* _Exercise goal_:
Leaving out the images, please reproduce each line below exactly.

* _Data shown_:
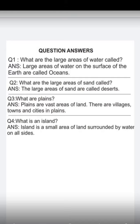Question 4: What is an island? An island is a small area of land surrounded by water on all sides. Okay students, that's all for today. Thank you so much. Allah Hafiz.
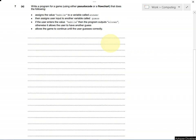For this question, it's testing whether you can plan out an algorithm with pseudocode or a flowchart. I'd find it much easier to draw a flowchart, but you can write the pseudocode for it, as long as it does all of the things in the bullet points at the top.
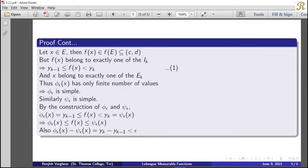Let x belong to E. Then f(x) belongs to f(E), which is a subset of the open interval (c, d). Since the I_k's are pairwise disjoint, f(x) belongs to exactly one I_k, which implies y_{k−1} ≤ f(x) < y_k. We take this inequality as statement 1.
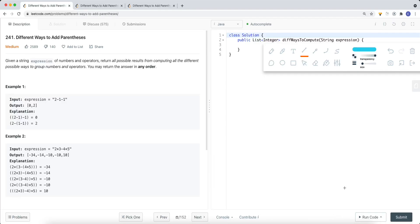We're going to take a look at a problem called different ways to add parentheses. Given a string expression of numbers and operators, return all possible results from computing all the different possible ways to group numbers and operators together. You can return the answer in any order.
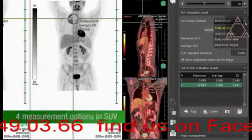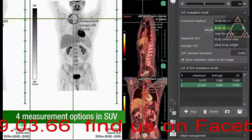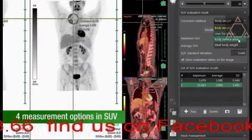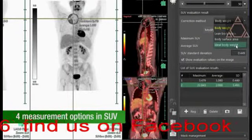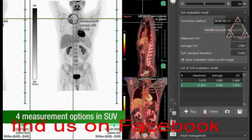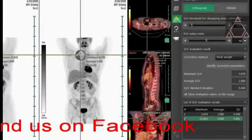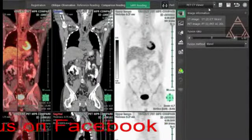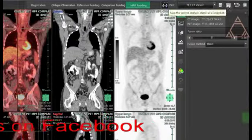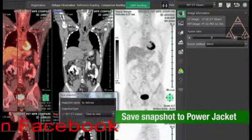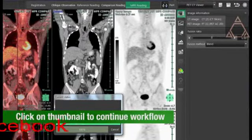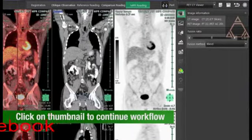Choose from four different measurement options: body weight, lean body mass, body surface area, and ideal body weight. Then return to the current study and either end the study or first save a snapshot. A second user can continue the workflow simply by clicking on the thumbnail in the power jacket.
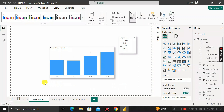Welcome back. Today we are going to see another scenario-based Power BI interview question which has been asked by the Deloitte interviewer during the recruitment process of a Power BI developer.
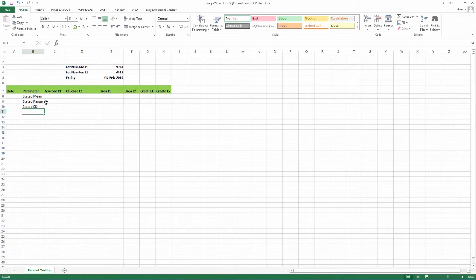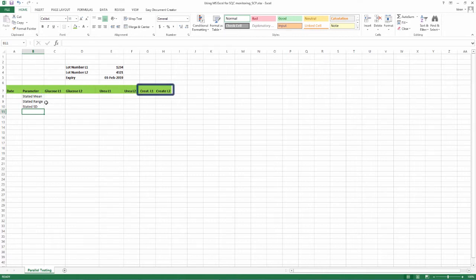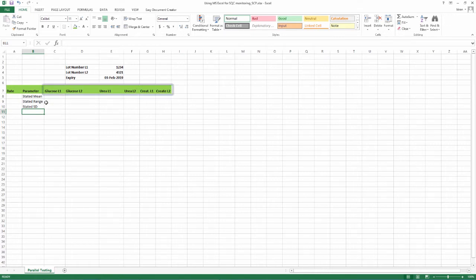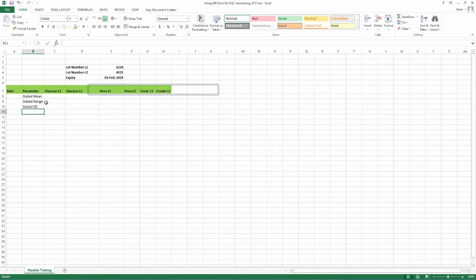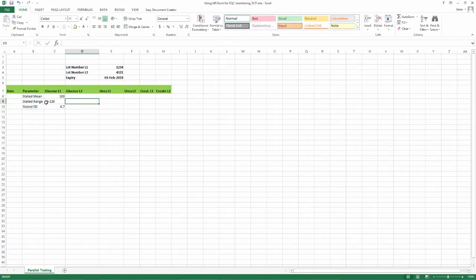stated range and stated SD all obtained from the QC insert. Mark rows for all analytes of interest for each level of QC. In the example, glucose, urea and creatinine are shown for two levels as generally routine chemistries have two levels of QC. Continue for all analytes the quality control is being used for and depending on the tests available in your lab. Fill in available data from the QC insert as shown for glucose.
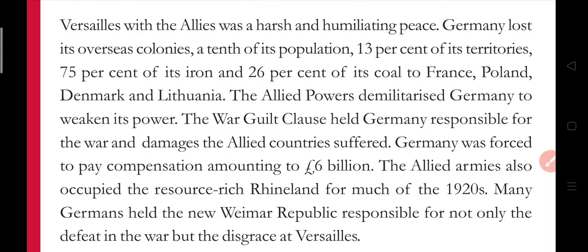The Allied powers demilitarized Germany to weaken its power — Germany would no longer have any military. The war guilt clause held Germany responsible for the war and all the damages the Allied countries suffered. Germany was forced to pay compensation amounting to six billion. The Allied armies also occupied the resource-rich Rhineland for much of the 1920s, taking control of an area rich in resources.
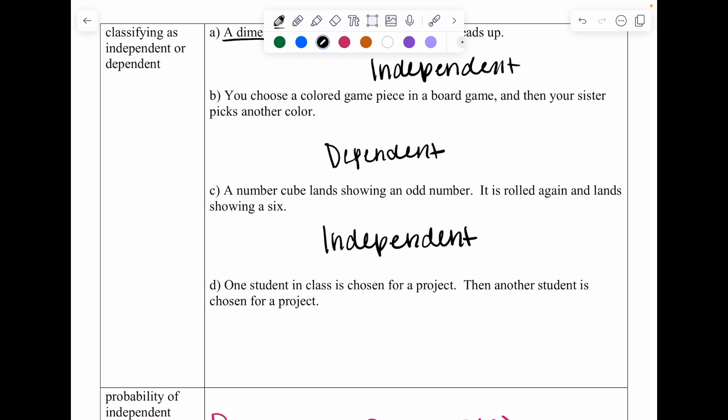Letter D: one student in class is chosen for a project, then another student is chosen. This is dependent because once you choose someone, no one else can choose that same person.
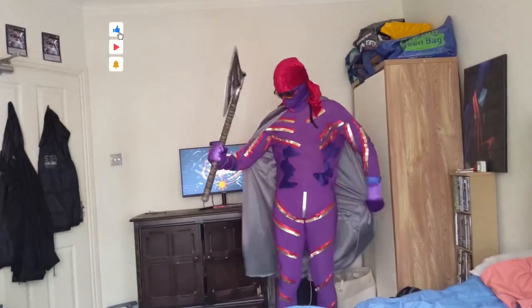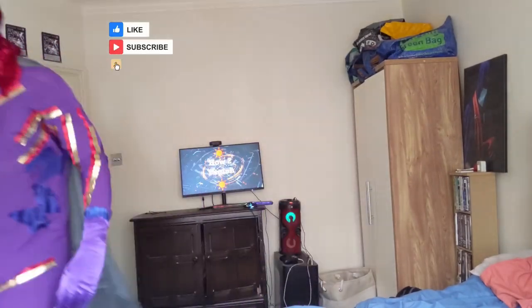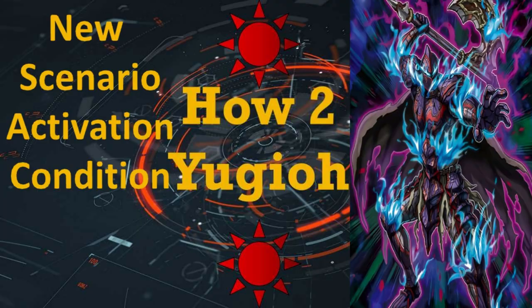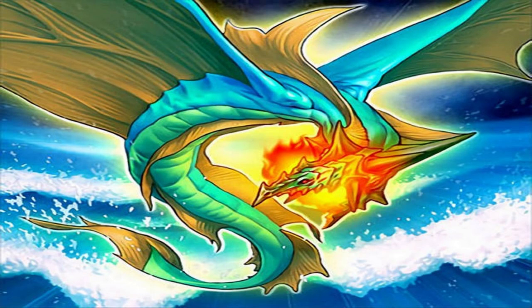Welcome to How to Yu-Gi-Oh! Can you explain to me activation condition in Yu-Gi-Oh? Sure.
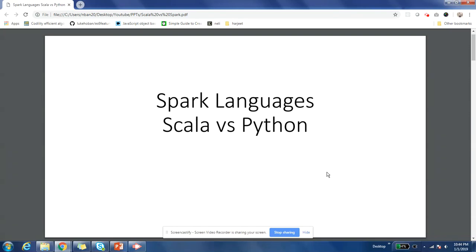Hey everyone, this is Harjit here. I hope you're enjoying the different videos on my channel. As part of this video, I'm going to cover how to select a language if you're trying to learn Spark. This is a very important question that beginners in the big data world or Spark world ask me, so I'll try to answer your question.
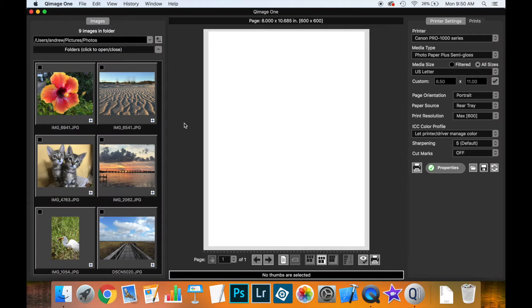This video demonstrates key features of Coomage 1 for adding thumbnails to the live view, arranging prints, resizing them, and getting everything laid out just the way you want.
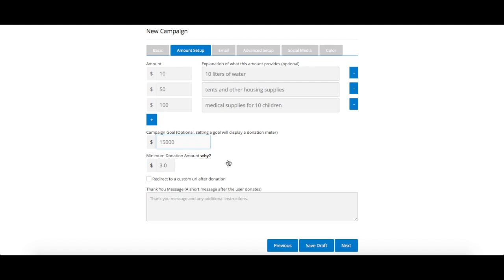You then have to set your minimum donation amount. The minimum we allow is $3, as this discourages scammers from testing stolen credit cards on your donation form.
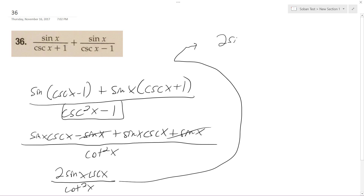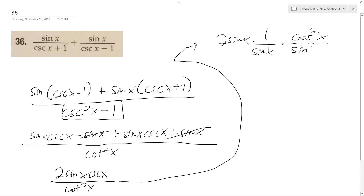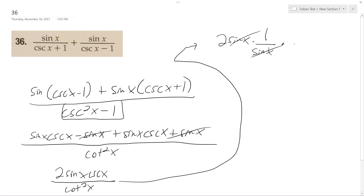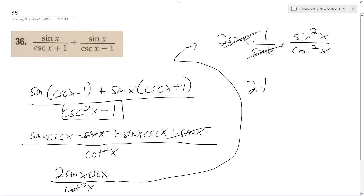This becomes 2 sine x times 1 over cosecant x times cosine squared x over sine squared x. That cancels out. Because it's cotangent on the bottom, it reciprocates and becomes tangent — tangent squared — so sine over cosecant squared x. Canceling with cosecant, it just becomes 2 tangent squared x. That's it.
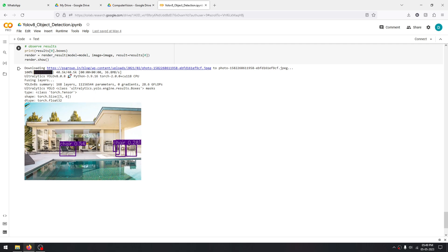In this specific scenario, our model hasn't detected a lot of things because there are fewer objects here and more architecture like buildings and a swimming pool. So our model was only able to discover chairs in this image. That was it for this demonstration, and thanks for watching.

* _Answer area_:
Question 4: What is an island? An island is a small area of land surrounded by water on all sides. Okay students, that's all for today. Thank you so much. Allah Hafiz.
For this question, it's testing whether you can plan out an algorithm with pseudocode or a flowchart. I'd find it much easier to draw a flowchart, but you can write the pseudocode for it, as long as it does all of the things in the bullet points at the top.
Let x belong to E. Then f(x) belongs to f(E), which is a subset of the open interval (c, d). Since the I_k's are pairwise disjoint, f(x) belongs to exactly one I_k, which implies y_{k−1} ≤ f(x) < y_k. We take this inequality as statement 1.
We're going to take a look at a problem called different ways to add parentheses. Given a string expression of numbers and operators, return all possible results from computing all the different possible ways to group numbers and operators together. You can return the answer in any order.
Choose from four different measurement options: body weight, lean body mass, body surface area, and ideal body weight. Then return to the current study and either end the study or first save a snapshot. A second user can continue the workflow simply by clicking on the thumbnail in the power jacket.
Welcome back. Today we are going to see another scenario-based Power BI interview question which has been asked by the Deloitte interviewer during the recruitment process of a Power BI developer.
stated range and stated SD all obtained from the QC insert. Mark rows for all analytes of interest for each level of QC. In the example, glucose, urea and creatinine are shown for two levels as generally routine chemistries have two levels of QC. Continue for all analytes the quality control is being used for and depending on the tests available in your lab. Fill in available data from the QC insert as shown for glucose.
The Allied powers demilitarized Germany to weaken its power — Germany would no longer have any military. The war guilt clause held Germany responsible for the war and all the damages the Allied countries suffered. Germany was forced to pay compensation amounting to six billion. The Allied armies also occupied the resource-rich Rhineland for much of the 1920s, taking control of an area rich in resources.
Letter D: one student in class is chosen for a project, then another student is chosen. This is dependent because once you choose someone, no one else can choose that same person.
Welcome to How to Yu-Gi-Oh! Can you explain to me activation condition in Yu-Gi-Oh? Sure.
Hey everyone, this is Harjit here. I hope you're enjoying the different videos on my channel. As part of this video, I'm going to cover how to select a language if you're trying to learn Spark. This is a very important question that beginners in the big data world or Spark world ask me, so I'll try to answer your question.
This video demonstrates key features of Coomage 1 for adding thumbnails to the live view, arranging prints, resizing them, and getting everything laid out just the way you want.
You then have to set your minimum donation amount. The minimum we allow is $3, as this discourages scammers from testing stolen credit cards on your donation form.
This becomes 2 sine x times 1 over cosecant x times cosine squared x over sine squared x. That cancels out. Because it's cotangent on the bottom, it reciprocates and becomes tangent — tangent squared — so sine over cosecant squared x. Canceling with cosecant, it just becomes 2 tangent squared x. That's it.
In this specific scenario, our model hasn't detected a lot of things because there are fewer objects here and more architecture like buildings and a swimming pool. So our model was only able to discover chairs in this image. That was it for this demonstration, and thanks for watching.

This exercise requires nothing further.